NASA said it aims to survey the crater formed when the remains of a SpaceX rocket are expected to crash into the Moon in early March.

The impact of a SpaceX rocket chunk weighing four tons will not be visible from Earth in real time
The impact of a SpaceX rocket chunk weighing four tons will not be visible from Earth in real time - Copyright AFP/File WANG Zhao
The impact of a SpaceX rocket chunk weighing four tons will not be visible from Earth in real time - Copyright AFP/File WANG Zhao

NASA said Thursday it aims to survey the crater formed when the remains of a SpaceX rocket are expected to crash into the Moon in early March, calling the event “an exciting research opportunity.”

The rocket was deployed in 2015 to put a NASA satellite into orbit and its second stage, or booster, has been floating in the cosmos ever since, a common fate for such pieces of space technology.

“On its current trajectory, the second stage is expected to impact the far side of the Moon on March 4, 2022,” a NASA spokeswoman told AFP.

The impact of the rocket chunk weighing four tons will not be visible from Earth in real time, nor will NASA’s Lunar Reconnaissance Orbiter (LRO), which is currently orbiting the Moon, be in a “position to observe the impact as it happens,” the spokeswoman said.

The LRO could be used later, however, to capture images for before-and-after comparisons.

Finding the crater “will be challenging and might take weeks to months,” the spokeswoman said, adding that the “unique event presents an exciting research opportunity.”

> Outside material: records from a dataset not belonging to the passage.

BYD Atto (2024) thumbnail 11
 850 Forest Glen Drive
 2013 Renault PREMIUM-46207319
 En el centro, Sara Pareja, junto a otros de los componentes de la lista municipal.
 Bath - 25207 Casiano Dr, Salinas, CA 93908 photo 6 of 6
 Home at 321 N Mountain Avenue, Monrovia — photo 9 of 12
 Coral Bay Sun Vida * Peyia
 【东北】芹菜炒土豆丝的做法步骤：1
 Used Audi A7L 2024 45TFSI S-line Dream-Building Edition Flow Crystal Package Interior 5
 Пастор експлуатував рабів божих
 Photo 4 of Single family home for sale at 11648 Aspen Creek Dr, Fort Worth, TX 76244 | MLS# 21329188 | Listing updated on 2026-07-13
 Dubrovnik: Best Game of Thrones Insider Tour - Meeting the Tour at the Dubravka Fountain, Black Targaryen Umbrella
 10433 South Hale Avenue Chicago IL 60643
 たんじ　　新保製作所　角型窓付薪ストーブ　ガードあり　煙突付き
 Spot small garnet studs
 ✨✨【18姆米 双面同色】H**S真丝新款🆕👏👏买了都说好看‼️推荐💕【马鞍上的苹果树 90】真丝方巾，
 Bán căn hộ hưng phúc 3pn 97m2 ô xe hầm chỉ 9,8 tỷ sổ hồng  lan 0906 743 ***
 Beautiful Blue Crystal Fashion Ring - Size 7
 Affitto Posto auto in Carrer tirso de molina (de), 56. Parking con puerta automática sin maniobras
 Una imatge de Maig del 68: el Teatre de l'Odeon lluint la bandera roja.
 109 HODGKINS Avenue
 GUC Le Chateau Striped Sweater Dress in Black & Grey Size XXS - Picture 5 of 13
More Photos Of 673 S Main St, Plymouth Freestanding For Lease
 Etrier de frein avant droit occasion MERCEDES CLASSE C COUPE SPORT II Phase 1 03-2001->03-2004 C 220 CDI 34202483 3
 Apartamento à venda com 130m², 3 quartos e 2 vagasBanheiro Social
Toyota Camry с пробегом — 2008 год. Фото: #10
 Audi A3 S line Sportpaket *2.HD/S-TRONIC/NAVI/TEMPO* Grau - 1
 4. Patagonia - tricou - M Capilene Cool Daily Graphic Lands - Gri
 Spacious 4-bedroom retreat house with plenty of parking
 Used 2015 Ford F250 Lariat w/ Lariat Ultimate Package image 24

Studying a crater formed by a hurtling object with a known mass and speed (it will be traveling at 9,000 kilometers per hour), as well as the material that the impact stirs up, could help advance selenology, or the scientific study of the moon.

Spacecraft have been intentionally crashed into the Moon before for scientific purposes, such as during the Apollo missions to test seismometers, but this is the first unintended collision to be detected.

Astronomer Bill Gray, creator of a software used to determine the trajectories of asteroids and other objects, was the first to calculate the booster’s new collision course with the Moon.

He believes that space junk should always be directed towards the moon when possible: “If it hits the moon, then we actually learn something from it,” Gray said.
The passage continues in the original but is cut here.